- Problem description -
What the response needs is every record, repeated verbatim, and no images.

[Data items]

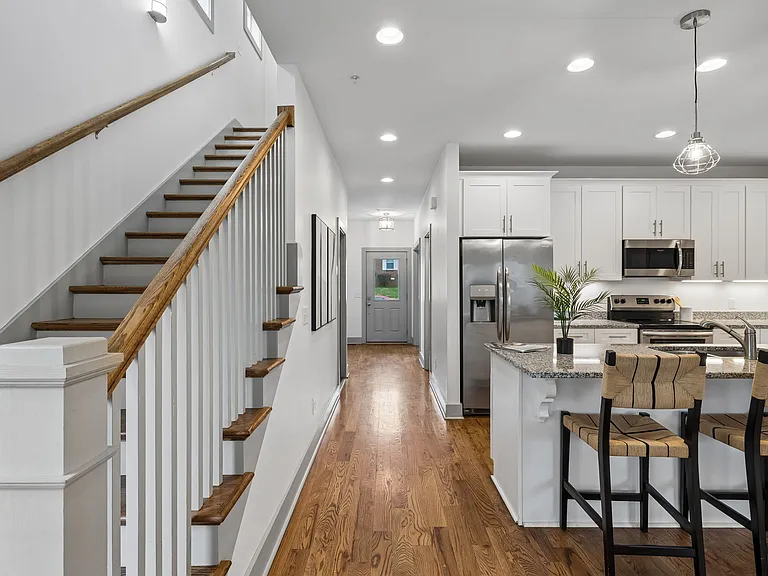720 Flint Ridge Dr — Photo 7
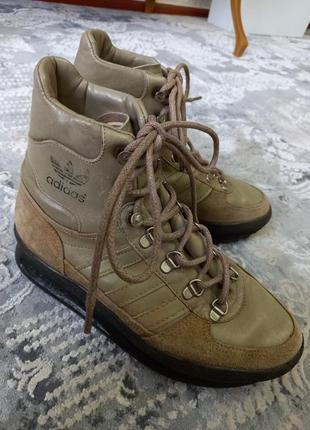 Фирменные женские кроссовки adidas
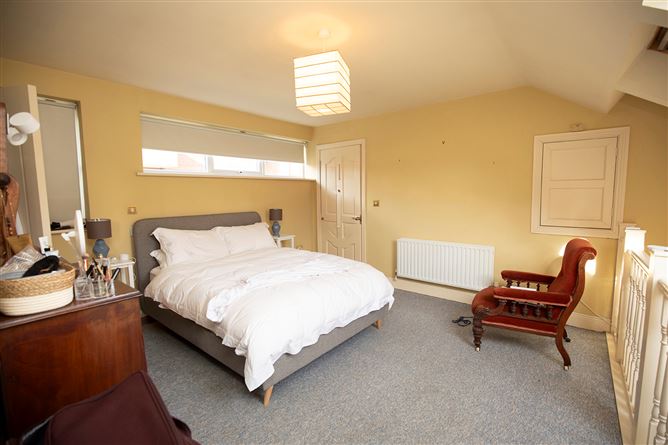 15, Hollybrook Road, Clontarf, Dublin 3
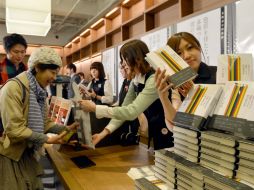 Tras tres años de silencio, el aclamado escritor japonés Haruki Murakami regresó hoy a las librerías de Japón. AFP /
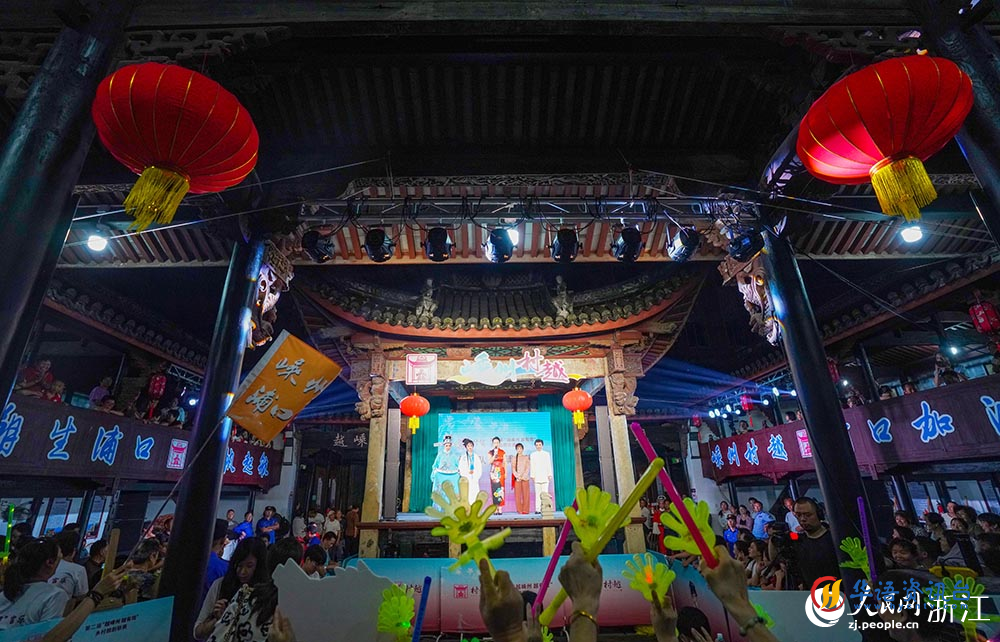 在浙江省嵊州市浦口街道,乡村越剧联赛小组挑战赛举行。人民网 章勇涛摄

- Solution to this problem -
720 Flint Ridge Dr — Photo 7
 Фирменные женские кроссовки adidas
 15, Hollybrook Road, Clontarf, Dublin 3
 Tras tres años de silencio, el aclamado escritor japonés Haruki Murakami regresó hoy a las librerías de Japón. AFP /
 在浙江省嵊州市浦口街道,乡村越剧联赛小组挑战赛举行。人民网 章勇涛摄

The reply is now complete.